On the one hand, the status quo – of uncapped donations – has terrible consequences. It leads to capture by interest groups (stereotypically Labour by the unions and the Conservatives by big business, and like many stereotypes, there is an element of truth), is anti-democratic (contrary to what the US Supreme Court proclaims, money is not speech, yet if you have more money than I do, it’s not hard to imagine which of us gets more say in policy) and has ended up in outright corruption (witness, amongst other things, “I’m like a cab for hire“, “premier league” donors, or cash for honours).
Unfortunately, the major alternative model has its own problems. State funding of political parties runs the risk of creating an unaccountable political class, paid from the pocket of general taxation while owing nothing in return. It also entrenches the existing trio of parties in their roles, rendering our already distortionary electoral system immune, to all intents and purposes, to change. And, of course, it would be expensive.

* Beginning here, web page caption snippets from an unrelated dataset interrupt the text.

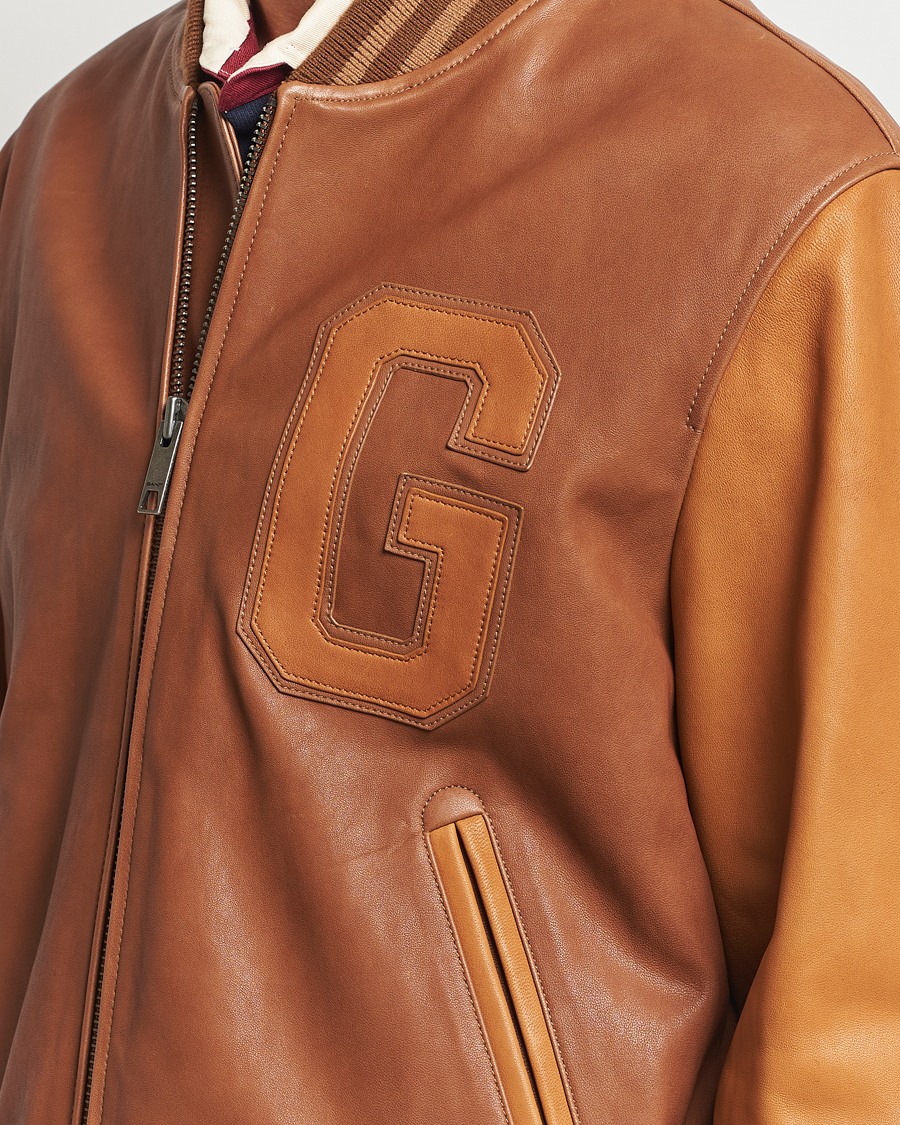 Uomini | Giacche | Gant | Leather Varsity Jacket Brown Sugar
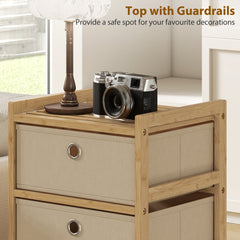 HOMCOM Chest of Drawers, 4 Fabric Drawers Narrow Dresser with Bamboo Frame, Cream White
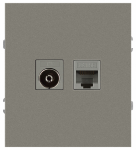 Розетка ЭРА Arktik 16-3110-07 комбинированная RJ45+TV титан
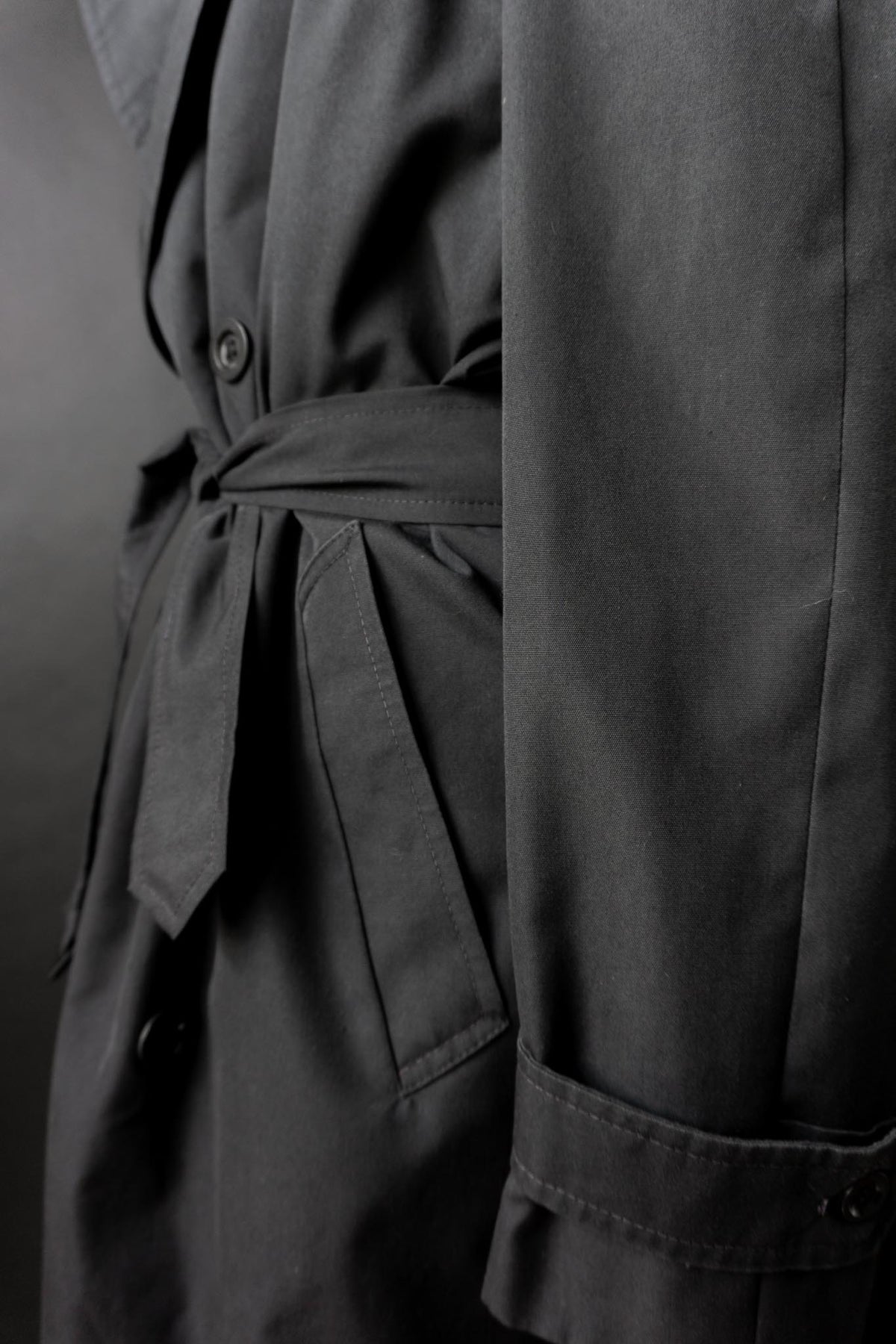 Vintage 80s Trenchcoat, Schwarz, M–L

The purported “middle ground” of capping donations, meanwhile, seems unworkable politically, while solving none of the problems. If unions are counted singly, Labour won’t sign up. If they aren’t, the Tories won’t. The cap won’t be low enough to prevent some donors still having outsized influence, and yet it won’t be high enough to prevent some or all of the parties suffering major financial hardship.
But a number of American campaign finance experts, including Yale’s Bruce Ackerman and Harvard’s Lawrence Lessig, support a third way. The idea is that every voter is given a voucher for $50, to donate to a political actor as they see fit – it can go to parties or candidates, mainstream or independents, and it doesn’t have to be used at all. In exchange, candidates who want to accept the money must agree to stricter rules. Ackerman suggests mandatory donor anonymity (to prevent “influence peddling”), while Lessig suggests a cap on any individual donation of just $100.
WonkBlog’s Dylan Matthews reports that the idea has just been given a boost. John Sarbanes (son of the Sarbanes-Oxley Act’s Paul Sarbanes) is planning on introducing the Grassroots Democracy Act to Congress:
The bill has three components. The first is a voucher of the kind Ackerman, Ayres and Lessig endorse, implemented as a $50 refundable tax credit for congressional donations, so even people who do not make enough to pay income taxes are eligible. The second is a matching system, where campaigns that reject PAC money will get $5 from a public fund for every private donation of $1, and those that agree to collect only small contributions receive $10 from the public fund for every private dollar. The third is a fund to provide support to candidates who are facing heavy third-party expenditures from super PACs and other groups, to make sure they aren’t drowned out.
Some of the side-effects of such a reform would be positive, as well. Most interestingly, it introduces a form of PR into the electoral system. Every “vote” using a voucher has the same effect, whether it goes to Labour or the Monster Raving Loony Party, and it is impossible to “waste” it. And depending how widely the vouchers can be used, it could allow people to donate to issue groups as well as parties, meaning that organisations like the Electoral Reform Society could see a boost in their funding.
Of course, the one thing it doesn’t ensure is that the balance of power is conserved. For that, parties would be advised to look elsewhere. But MPs who are serious about party funding reform may want to consider a similar move.